Oh? McCarthy might have something to say about that... ;-)
[Alexis Ohanian and Steve Huffman] were able to create the illusion of more contributors by submitting articles under different user names
I'm trying to imagine some entrepreneur who opens a new grocery store and asks his family members to go in and out the store all day long pretending they are customers :)
I heard a story about an author getting all her family and friends to buy all copies of a new book she wrote from an initial test run of all local stores. By selling out so fast, the publisher ordered a lot of books nationwide and the book became popular partially due to the fact that it was available in every book store the second time around. What do you think?
Well, a possibility of cheating is a signal of a breach in the system. How exactly that applies to Reddit or to the publishing business must be, I suppose, some complicated social theory.
1. That the controversy over switching from Lisp to Python was a "turning point" for Reddit's traffic.
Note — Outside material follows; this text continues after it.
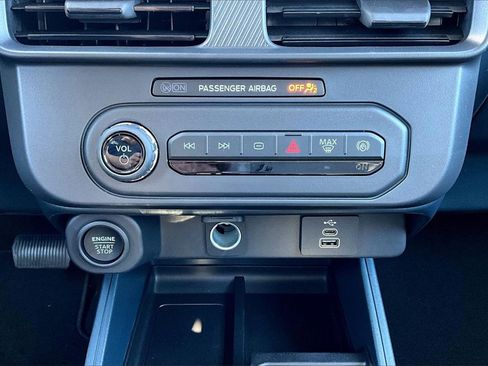 New 2025 Ford Maverick XLT w/ XLT Luxury Package image 23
Such a minor controversy wouldn't have generated sustained traffic. And indeed when you look at Reddit's lifetime traffic graph, there aren't any visible inflection points; it is overall a pretty smooth upward curve.
2. The reason Digg got more traffic was not some subtle difference in SEO strategies, but simply that (1) they started several months earlier, and (2) they promoted the site energetically to their enormous core audience of 15 year old gamers.
3. The reason it seems from talking to the Reddit founders that "success was not so difficult" is that Steve and Alexis are such understated guys. Simple design always looks like it was easy. Actually they worked quite hard.